Colonial film industry in Korea: hybridity between entertainment and enlightenment purposes

Beckie Cormier

Graduate student

Yonsei University Graduate School of International Study

Seoul, South Korea

In-Person

 Presenter  

The Korean movie production during the colonial period was often overlooked due to its liminal space between Korean and Japanese cinema. Neither purely Korean, nor purely Japanese, the early Korean cinema encompasses an amalgam of disparate actors with different objectives resulting in the development of a hybrid cinema from which few copies survived the passage of time.

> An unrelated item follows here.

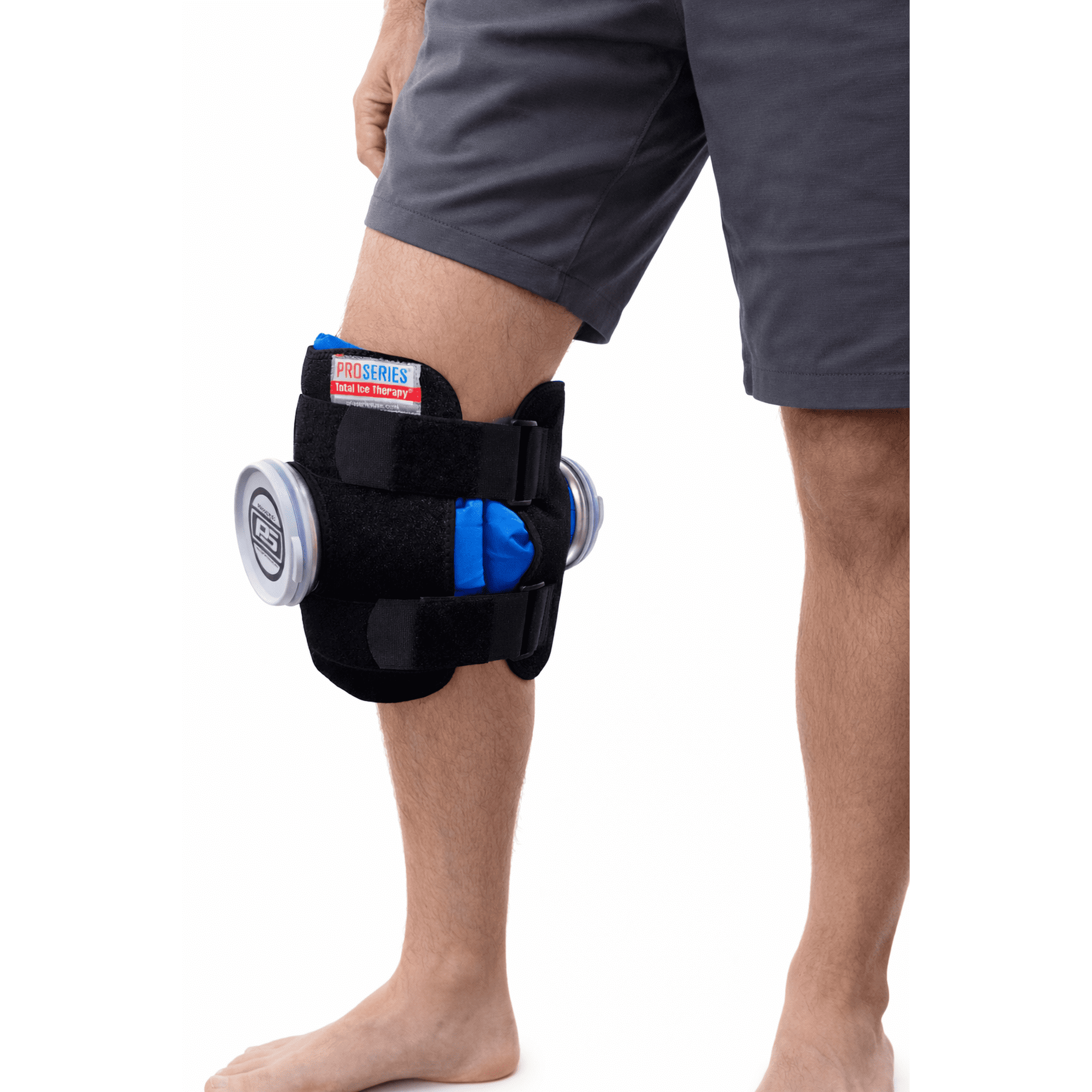 ProSeries Double Knee Ice Pack Wrap – ACL, PCL, MCL & Post-Surgery Cold Therapy, 2 Ice Bags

With the resurfacing from Russian archives in 2019 of the short film There is No Poverty at the End of Labor (근로의 끝에는 가난이 없다) realized in the 1920s, there is now the possibility to visually examine with greater accuracy the cinematographic language used in early Korean cinema during the colonial period and understand the impacts of global cinema viewership on local productions.

Inspired by the concept of Joseon cinema developed by the author and scholar Kim Dong Hoon, this paper supports the idea that, due to Joseon cinema’s broad viewership from the birth of cinema up to the late 1920s, filmmakers in the Korean peninsula adopted and developed at an accelerated rate codes and techniques from Western cinematographic language and formed a hybrid cinema regrouping entertainment and enlightenment purposes in the Japanese colonial context. By comparing and examining There is No Poverty at the End of Labor in parallel with prior European and American films such as A trip to the moon (Georges Méliès, 1902), this paper assesses the mastering of various codes and techniques in Joseon cinema, while also displaying more moralistic themes characteristic of the Japanese colonial rule.

 

5 key words

Korean cinema – Early cinema – Joseon cinema – Viewership – Cinematographic codes

 

Bibliographical references

There is No Poverty at the End of Labor (근로의 끝에는 가난이 없다). Ota Hitoshi and Lee Kyu-seol. 1920s. 19 minutes. YouTube. <https://www.youtube.com/watch?v=rgxi3m- 8jjM&t=92s>.

Kim, Dong Hoon. 2017. Eclipsed cinema, The film culture of colonial Korea, Edinburgh studies in East Asian film, 292p.

Yecies, De Brian, Ae-Gyung Shim. 2013. Korea's Occupied Cinemas, 1893-1948: The Untold History of the Film Industry. Routledge, 222 p.

Kim Mee-hyun. 2006. Ch. 1 “The Exhibition of Moving Pictures and the Advent of Korean Cinema 1897-1925” and Ch. 2 “The Japanese Colonial Period, Heyday of Silent Films 1926-1934.” Korean Cinema, from Origins to Renaissance, Communication Books, 477 p.

 

Some films discussed in this paper

There is No Poverty at the End of Labor (Ota Hitoshi and Lee Kyu-seol, 1920s)

A trip to the moon (Georges Méliès, 1902)

The Smiling Madame Beudet (Germaine Dulac, 1923)

Beckie Cormier

Graduate student

Yonsei University Graduate School of International Study

Seoul, South Korea

beckie.cormier@gmail.com

Attending Yonsei University’s Graduate School of International Studies, Beckie Cormier is completing a master in Korean Studies under the Global Korea Scholarship focused on history, society and culture. Avid cinephile, she pursued film studies in Cegep before pursuing a bachelor in Asian studies and a certificate in cinema studies at the University of Montreal. Her passion for learning and creating media led her to participate in workshops abroad and to join the media team of NOVAsia magazine. Adept of a multidisciplinary approach, she intends to use her human sciences and arts background to explore new subjects in a unique way.